Another way to evaluate the two asset classes is by their volatility, or how much prices fluctuate. If the price of an asset changes rapidly, with large price movements, the asset might not be a suitable investment for an investor that cannot stand the thought of his investment losing value.
This is the issue with stocks in general. Most stocks change hands thousands of times a day, each trade being an opportunity to sniff out a fair price.
By contrast, property tends to be less volatile. Assets can get traded only once every few years. You will not know exactly how much your property is worth. This is not necessarily a bad thing from a psychological point of view: If prices are falling, you won't know how much your net worth has decreased by until you have to sell.
Price transparency is thus different in both markets. In the stock market, prices are clearly displayed and updated every second. Historical data is readily available. By contrast, the property market is opaque because many factors go into determining even the price of units in adjacent developments.
Because physical properties get traded infrequently, buyers and sellers generally refer to the last-traded price of a similar unit nearby, before making adjustments based on the floor, view, location, and other tangibles and intangibles.
Nobody really does a discounted cash flow calculation based on expected rental income and risk to come up with a shoebox apartment's value.
Finally, stocks are risky because companies can go bankrupt, leaving shareholders with nothing. By contrast, the value of a property will not fall to zero.
However, because people usually take out debt to buy property, the risk is that you cannot meet your monthly mortgage payments. If that happens, the bank that lent you money will have the right to reclaim your property and sell it off.
You can always try to sell your property to someone else in the hope of making a profit from the transaction after paying back the debt you owe the bank. Unfortunately, it is also likely that the property is worth less than what you bought it for, or what you owe the bank. In this case, you will be left with nothing.
In reality, if you are staying in the property you bought, the banks or HDB are likely to allow you to renegotiate your loan on a case-by-case basis. Repossession is a last resort.
Intangibles matter
Given its illiquidity, high costs and lack of transparent pricing, property does not seem to be a suitable investment for beginner investors. They can buy a place to stay within their means, but buying for investment is another matter.
Stock investors can implement strategies such as buying more of a blue chip stock they have assessed to be able to thrive, when the stock is hit by negative sentiment and is trading cheaply against historical norms. You can't really dollar-cost average houses, buying an additional one every month into the dips.
However, people buy property for non-financial reasons.
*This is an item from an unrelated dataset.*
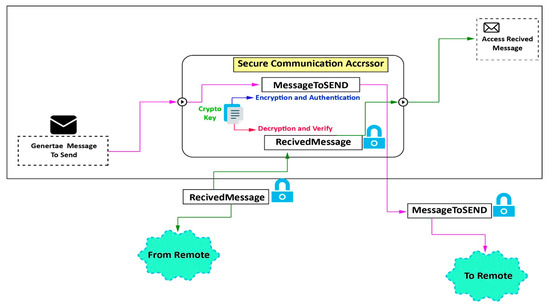 Enabling a Secure IoT Environment Using a Blockchain-Based Local-Global ...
Own a condo and you think you move one rung up the social hierarchy.
You own a tangible asset that you can touch, and the opportunity to enjoy amenities such as a swimming pool and BBQ pit.
If you are buying a place to stay in, then financial reasons matter less. The emotional value you get from owning a place goes beyond the rental you would otherwise have paid every month. People buy property to pass on to their children, as well as to diversify their wealth and hedge against inflation.
Ultimately, young investors have to understand various aspects of both the stock and property market before they decide which path to take with their money.
Both are not mutually exclusive.
But if you do buy a property, be honest - don't think of it as an investment. The purchase is likely not a purely financial transaction. There is no guarantee that you will make a profit.
Property price returns, like the stock market, look attractive only if your time horizon is long enough and if Singapore remains the financial and commercial centre it is today. But in a declining market, you are likely to get worried after just two years.